Pendant la Seconde Guerre mondiale, les Tsiganes du nord de la France et de la Belgique ont connu le même destin tragique, car ils vivaient dans la « zone militaire rattachée à Bruxelles ». Les Allemands avaient imposé, en juin 1940, que ces deux territoires forment une seule zone. L’enjeu d’un tel découpage était stratégique, économique et militaire, mais correspondait également à la vision nazie d’une Europe nouvelle, d’un Reich avec des marches germaniques. Et les nazis purent s’appuyer en France et en Belgique sur des législations discriminatoires antérieures à l’invasion de mai 1940, qui furent mises au service de la politique raciale du IIIe Reich.

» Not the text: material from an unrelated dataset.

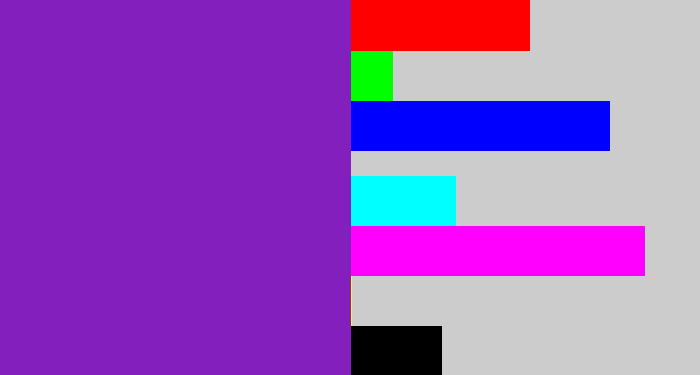 Hex color #831fbc - purple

Au début du XXe siècle, tous les États européens avaient adopté une législation spécifique de contrôle, utilisant comme repoussoir le migrant étranger et particulièrement le « juif » et le « Bohémien ». La France avait créé une catégorie spécifique, celle des « nomades », afin d’identifier et de regrouper au moyen de carnets anthropométriques ceux qui étaient appelés indistinctement Bohémiens, Romanichels, Gitans, nomades. C’était la loi du 16 juillet 1912 relative à « l’exercice des professions ambulantes et à la réglementation de la circulation des nomades ». Leur mode de vie était assimilé au vagabondage, à la criminalité et l’asociabilité. Quelque 30 000 personnes relevaient de ce statut en 1924. En Belgique, les méthodes anthropométriques et dactyloscopiques venues de France furent appliquées pour identifier les étrangers, parmi lesquels les Tsiganes de passage. Cette méthode réservée aux étrangers criminels ou réputés dangereux fut généralisée après la Première Guerre mondiale. Les Tsiganes possédaient en outre une feuille de route renouvelable tous les trois mois.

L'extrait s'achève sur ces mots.